Vindolanda is not owned or run by English Heritage but by the Vindolanda Trust and the remarkable Birley family. In the 1930s, Chesterholm and the adjacent fort was owned by Eric Birley who subsequently became Professor of Archaeology at Durham and one of the leading archaeologists on the Wall. Ownership then passed to a Trust but work was continued by his two sons Robin and Tony. It was Robin who made the remarkable discovery of wooden writing tablets, preserved deep down in waterlogged deposits in abandoned early forts, dating to the early years of the second century AD, before Hadrian’s Wall itself was built. These were subsequently sold to the British Museum in order to pay for the excavations, but replicas can be seen in the site museum.

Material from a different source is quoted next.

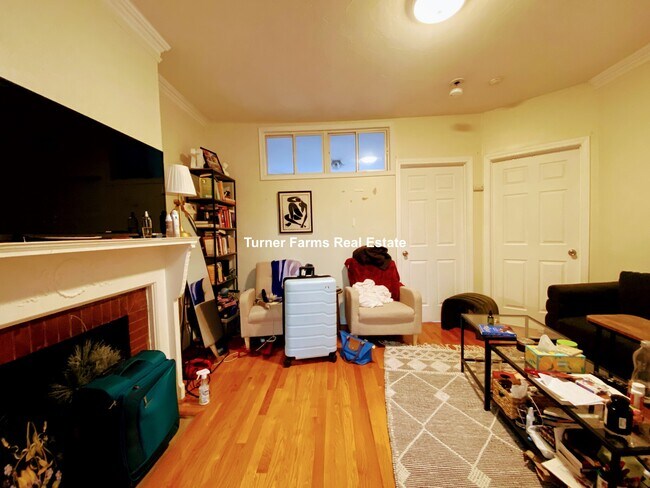 Foto del edificio - 43 Bay State Rd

Vindolanda is remarkable in that not only can the fort itself be seen but also the very extensive vicus, or civilian settlement – the most extensive vicus building to be seen in this country. The site today is approached through the new car park which leads in to the vicus. The vicus itself is laid out at an angle to the main stone fort, but this is because it was aligned on an earlier timber fort that has now vanished. Note that most of the buildings are strip buildings, long narrow buildings, end onto the road, where the front part facing the road would have been a shop, and the rear part workrooms and living accommodation. To one side of the vicus a short modern replica of Hadrian’s Wall has been constructed.
In the fort itself most of the walls have been uncovered and also the headquarters building at the centre. To one (eastern) side the commanding officer’s house has now been uncovered with a small possible Christian church constructed in the courtyard in the sub-Roman period. On the western side, adjacent to the vicus, current (2009) excavations are revealing the granaries.

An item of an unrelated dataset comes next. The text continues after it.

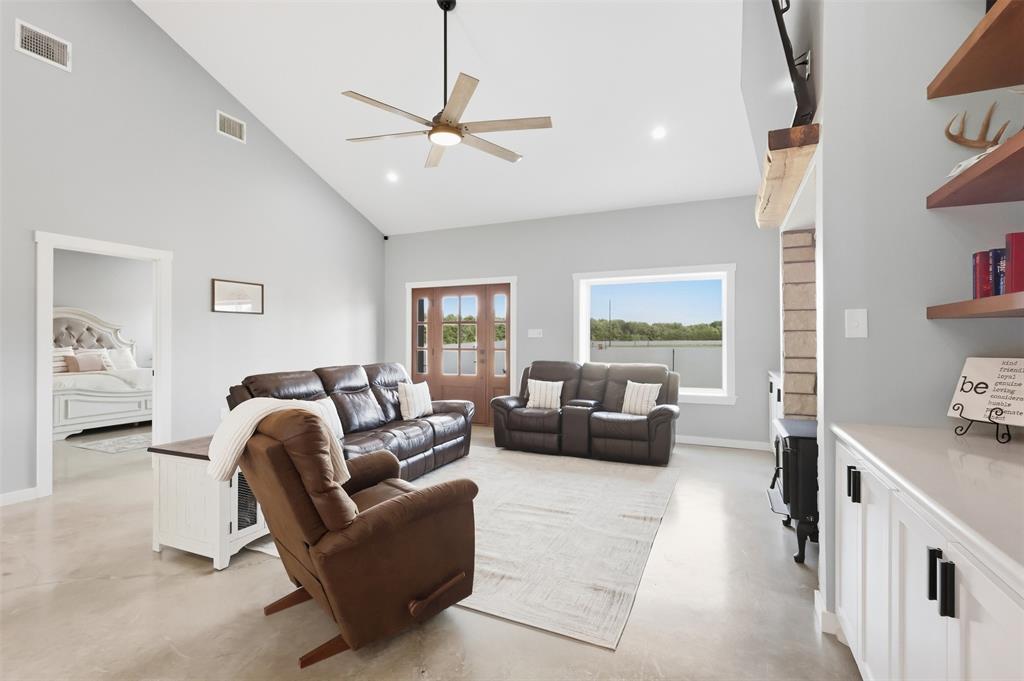 208 Chicken Field Road Whitewright, TX 75491 - Photo 6 of 40 Gallery Image 6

Two bath houses are known, the original one in the vicus and a recently discovered one outside the southern gate.
Beyond the fort (on the opposite side to the vicus) a steep path leads down to Chesterholm, the original house, now a museum and work rooms, a good shop and luscious tea rooms. In the gardens of the house are some reconstructed buildings including a temple and a sculpture gallery. The original car park, still available for the disabled, lies beyond the house.